▶ Records provided:
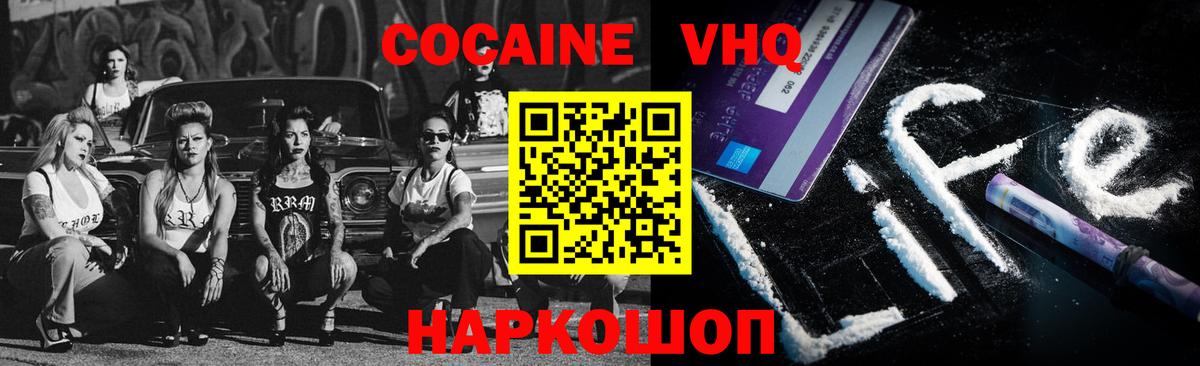 COCAIN VHQ Россошь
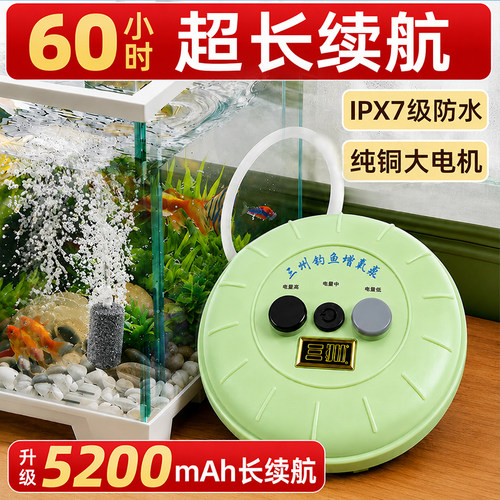三州第二代浮水增氧泵长续航防水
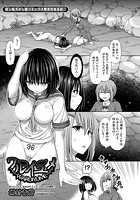 ワルイユメのイメージ画像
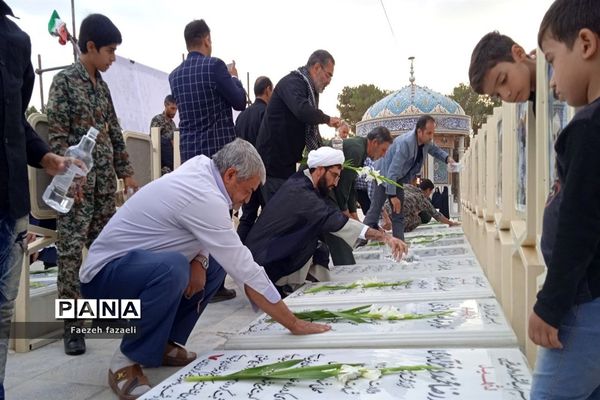 بهشت‌گردی در نایین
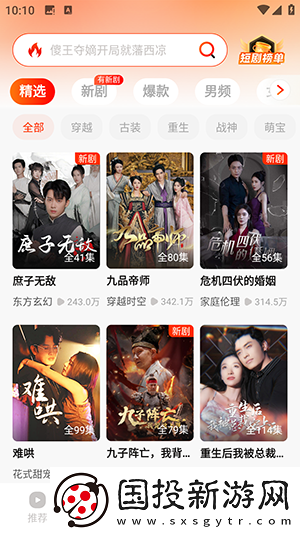 澳门威斯尼斯buyu网站看大片免费在线看下载-澳门威斯尼斯buyu网站看大片免费在线看下载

▶ Exercise instructions: The answer should contain only the lines from the one with "بهشت‌گردی در نایین" through the last line of the material, given word for word and without pictures.

▶ Output for this task:
 بهشت‌گردی در نایین
 澳门威斯尼斯buyu网站看大片免费在线看下载-澳门威斯尼斯buyu网站看大片免费在线看下载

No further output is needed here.